▸ Task prompt:
Your output should be the lines from the one with "EARLFAMILY 13cm x" through the last line of the records below, exactly as written, minus the pictures.

(Web page caption snippets)
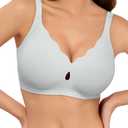 LUCKMEEY Bras for Women No Underwire Wave Push Up Wireless Bra Seamless Bras Full Coverage Bralettes Lift Everyday Bra Sky Blue XX-Large (Blue, XXL)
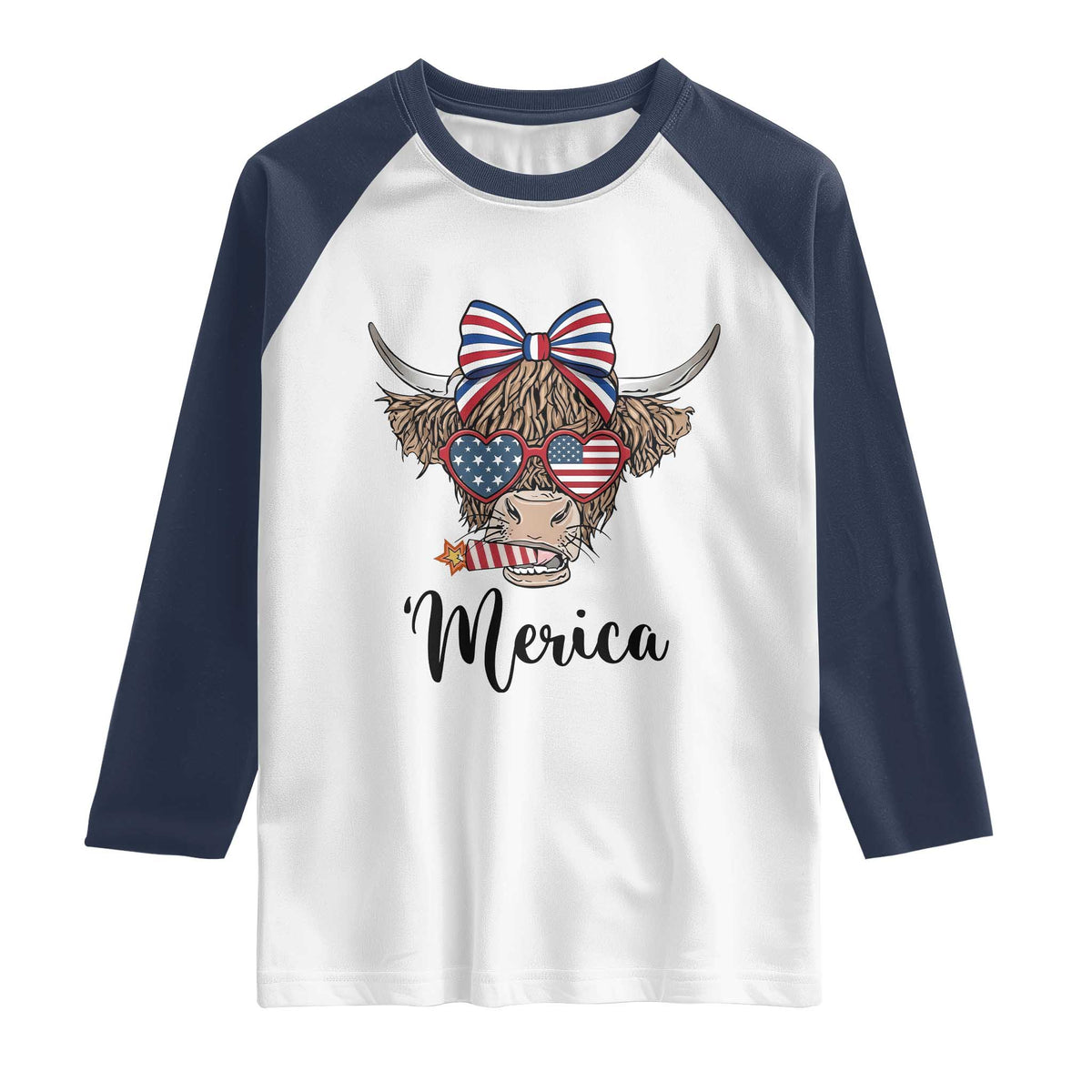 Patriotic Highland Cow Raglan Shirt Merica USA Flag Farmer Gift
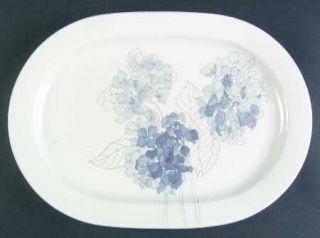 Block China Hydrangea 15 Oval Serving Platter, Fine China Dinnerware   Watercol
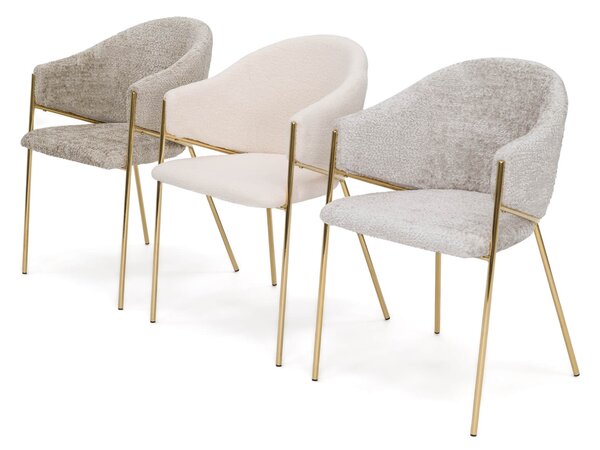 MebleMWM Krzesło Glamour DC-890-1 | jasny beż | boucle | złote nogi | OUTLET
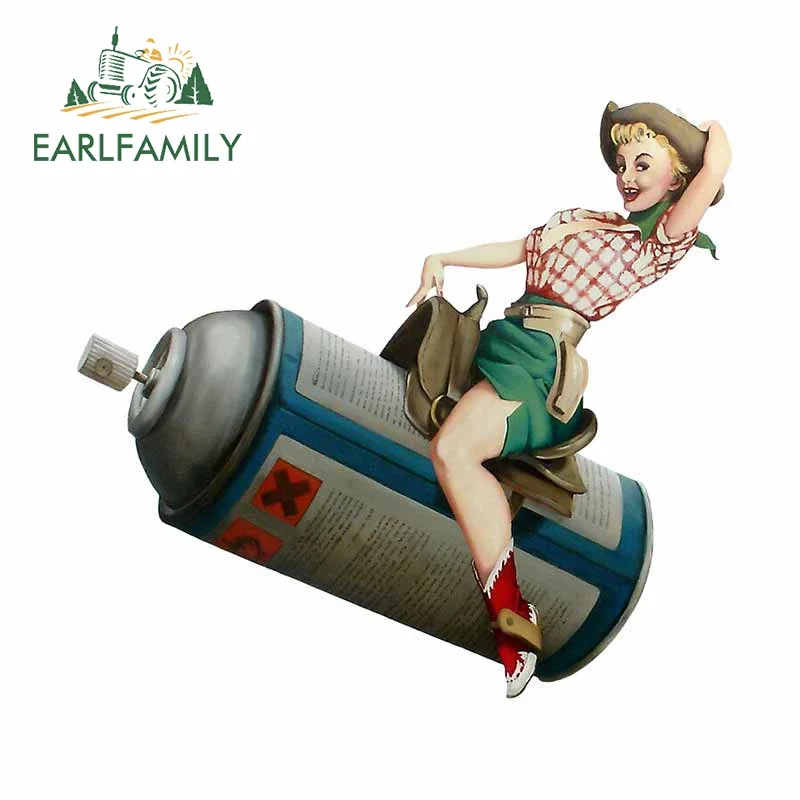 EARLFAMILY 13cm x 12.1cm for Spray Can Rider Pin Up Creative Decal Windows Car Sticker ATV ScratchProof Graffiti Car Accessories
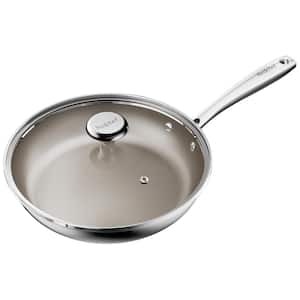 10 in. Stainless Steel Titanium Ceramic Nonstick Coating Frying Pan with Glass Lid and Stainless Steel Stay Cool Handle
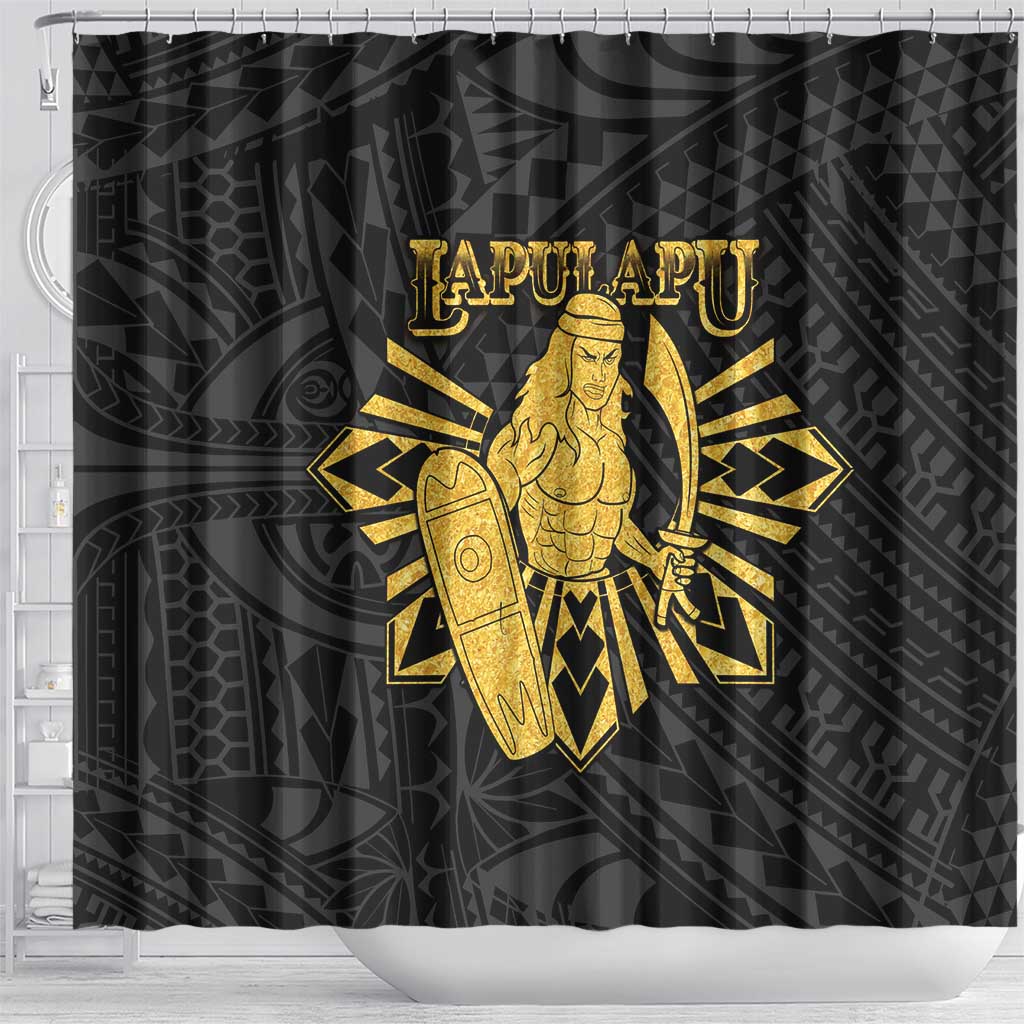 Philippines Tribal Shower Curtain King Lapu Lapu Gold Version LT05 - Polynesian Pride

▸ The completed task:
 EARLFAMILY 13cm x 12.1cm for Spray Can Rider Pin Up Creative Decal Windows Car Sticker ATV ScratchProof Graffiti Car Accessories
 10 in. Stainless Steel Titanium Ceramic Nonstick Coating Frying Pan with Glass Lid and Stainless Steel Stay Cool Handle
 Philippines Tribal Shower Curtain King Lapu Lapu Gold Version LT05 - Polynesian Pride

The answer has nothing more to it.